REQUIRED WORK:
A verbatim repetition of the data below is requested, without images.

DATASET CONTENT:
··········

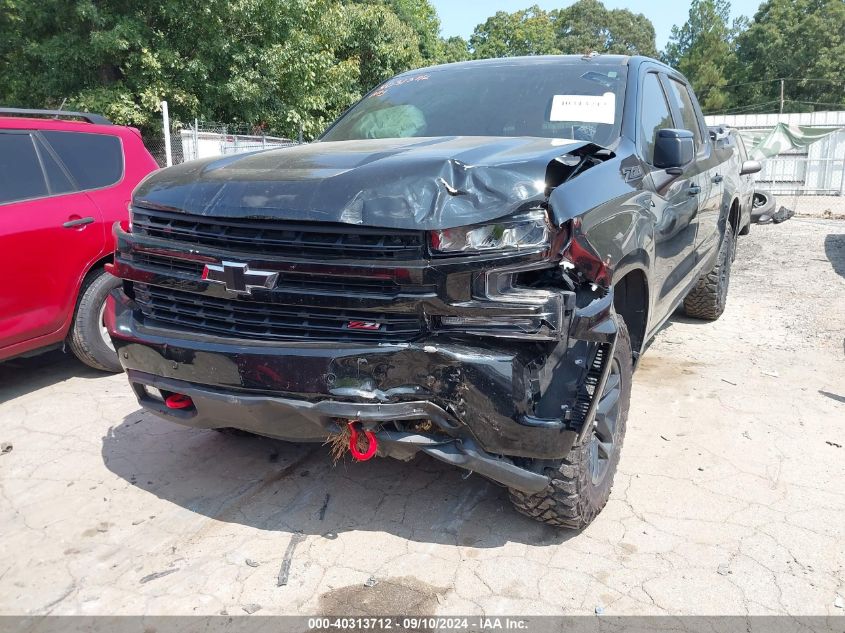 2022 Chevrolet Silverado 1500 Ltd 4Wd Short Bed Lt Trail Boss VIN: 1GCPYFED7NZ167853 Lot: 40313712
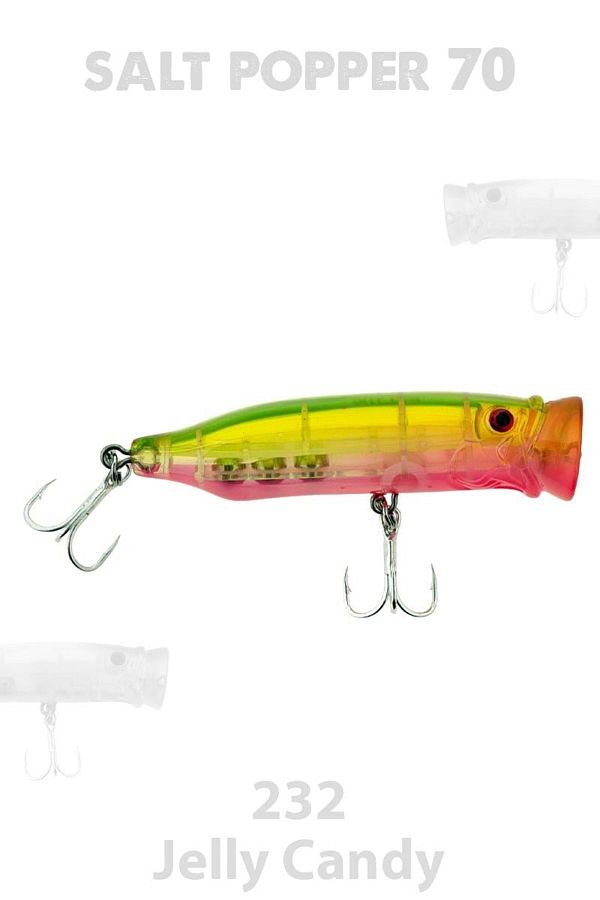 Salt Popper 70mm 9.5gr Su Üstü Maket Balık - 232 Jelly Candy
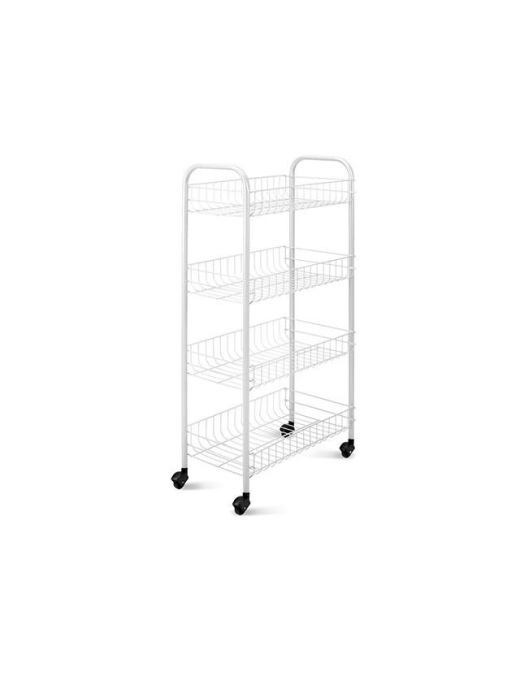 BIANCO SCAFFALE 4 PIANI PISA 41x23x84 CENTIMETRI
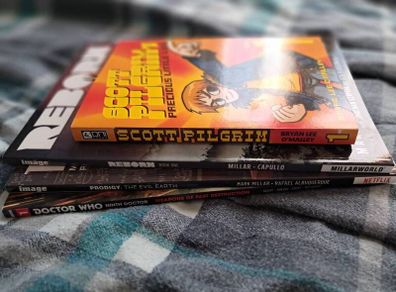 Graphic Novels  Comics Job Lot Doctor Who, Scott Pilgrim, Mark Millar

··········

EXERCISE OUTPUT:
 2022 Chevrolet Silverado 1500 Ltd 4Wd Short Bed Lt Trail Boss VIN: 1GCPYFED7NZ167853 Lot: 40313712
 Salt Popper 70mm 9.5gr Su Üstü Maket Balık - 232 Jelly Candy
 BIANCO SCAFFALE 4 PIANI PISA 41x23x84 CENTIMETRI
 Graphic Novels  Comics Job Lot Doctor Who, Scott Pilgrim, Mark Millar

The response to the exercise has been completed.